La France, dont la suprématie en la matière était indiscutable pendant plusieurs siècles, est de plus en plus challengée sur le sujet par des pays qui souhaitent aussi accroître leur influence internationale par les palais plutôt que par les armées.
Pour réaffirmer le leadership national en la matière, le gouvernement a détaillé la semaine dernière le contenu du « Programme haute gastronomie » (on retrouve dans la sémantique le terme « haut » déjà mentionné dans cette newsletter) structuré autour de 3 axes :
Repérer et accompagner les acteurs de la gastronomie française : notamment via la création d’un centre d’excellence tel un Clairefontaine de la gastronomie pour mieux préparer (et réussir !) les compétitions internationales (ces grands rendez-vous très exigeants en termes de préparation sont généralement assumés seuls par les candidats)

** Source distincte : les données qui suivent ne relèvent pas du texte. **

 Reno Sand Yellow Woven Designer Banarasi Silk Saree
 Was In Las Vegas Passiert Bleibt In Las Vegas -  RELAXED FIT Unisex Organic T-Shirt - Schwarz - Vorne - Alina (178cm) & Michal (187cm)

Accompagner les entreprises du secteur à l’international : soutien à l’exportation des chefs vers le Moyen-Orient et l’Asie de l’est via un programme d’accompagnement sur 6 à 8 mois
Renforcer la promotion de la « Haute Gastronomie française » via des événements tel Goût de France ou des actions plus grand public. Car le rayonnement d’une culture culinaire passe aussi par son adoption par le plus grand nombre
Avec une enveloppe modeste (vu les enjeux) de 1,5 millions d’Euros, c’est Haute Gastronomie mais loin d’être haut budget !
On casse la croûte ?
Soyons réalistes, tant par sa prononciation que dans l’imaginaire qui lui est associé, le mot croûte, n’est pas– de prime abord – ce qu’il y a de plus séduisant.
Au Moyen-Âge, quand elle est apparue, la croûte n’était pas destinée à être mangée. Elle était simplement là pour protéger les garnitures (majoritairement des pâtés de viande) pendant la cuisson et les conserver ensuite (à l’instar de la pâte qui sert à luter certains plats pendant des cuissons telles que le baeckoffe ou des saint jacques). Les anglais l’appelaient d’ailleurs au début « coffin » (cercueil en anglais) ce qui témoigne bien de son unique fonction : protéger la garniture à la cuisson avant être jetée.
Devenue comestible – et plus appétissante – à la Renaissance, la pâte s’est progressivement transformée en incontournable des plats salés et sucrés de toutes les cultures culinaires occidentales - des pies anglo-saxons aux tourtes françaises, en passant par les torta italiennes. Les années 50-60 marquent son apogée avec, à la fois des ménagères qui revendiquent toutes une recette fétiche d’apple pie ou autre pithiviers, et la naissance des premières marques de l’industrie agro-alimentaire qui proposent des pies et tourtes prêtes à être réchauffées.
Depuis, la pâte s’est encroûtée (facile mais très vrai !). Son image ringarde et industrielle l’éloignait des aspirations des années 90-2000 de wellness et de cuisine moléculaire.
Mais la pâte n’a pas dit son dernier mot et redevient tendance pour 4 raisons principales :
Elle est instagramable, ce qui est devenu un mandatorie en termes de food à l’heure actuelle. La croûte très travaillée ainsi que la découpe qui met en valeur le travail de montage du plat en pâte ont en effet un haut potentiel de likes par leur côté très géométrique et graphique.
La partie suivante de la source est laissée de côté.